• **Task instructions**
Pick out the lines below with "Driver" and list them.

(Records shown)

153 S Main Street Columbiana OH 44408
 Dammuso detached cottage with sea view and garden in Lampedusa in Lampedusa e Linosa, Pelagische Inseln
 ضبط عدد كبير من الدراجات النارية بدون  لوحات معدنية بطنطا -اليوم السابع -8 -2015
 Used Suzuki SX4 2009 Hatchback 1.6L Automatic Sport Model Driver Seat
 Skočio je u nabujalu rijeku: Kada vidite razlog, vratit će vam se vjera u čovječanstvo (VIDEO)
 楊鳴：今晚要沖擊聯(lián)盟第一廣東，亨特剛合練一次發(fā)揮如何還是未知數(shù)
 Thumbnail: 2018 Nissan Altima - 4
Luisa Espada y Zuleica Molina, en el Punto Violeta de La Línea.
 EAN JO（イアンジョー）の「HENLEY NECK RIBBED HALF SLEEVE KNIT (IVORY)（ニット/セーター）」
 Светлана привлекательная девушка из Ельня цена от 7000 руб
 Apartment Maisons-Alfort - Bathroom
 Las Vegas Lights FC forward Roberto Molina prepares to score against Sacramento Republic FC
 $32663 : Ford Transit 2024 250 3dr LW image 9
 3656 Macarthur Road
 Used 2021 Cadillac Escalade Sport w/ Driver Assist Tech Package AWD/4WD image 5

(End Records shown)

• **Exercise output**
 Used Suzuki SX4 2009 Hatchback 1.6L Automatic Sport Model Driver Seat
 Used 2021 Cadillac Escalade Sport w/ Driver Assist Tech Package AWD/4WD image 5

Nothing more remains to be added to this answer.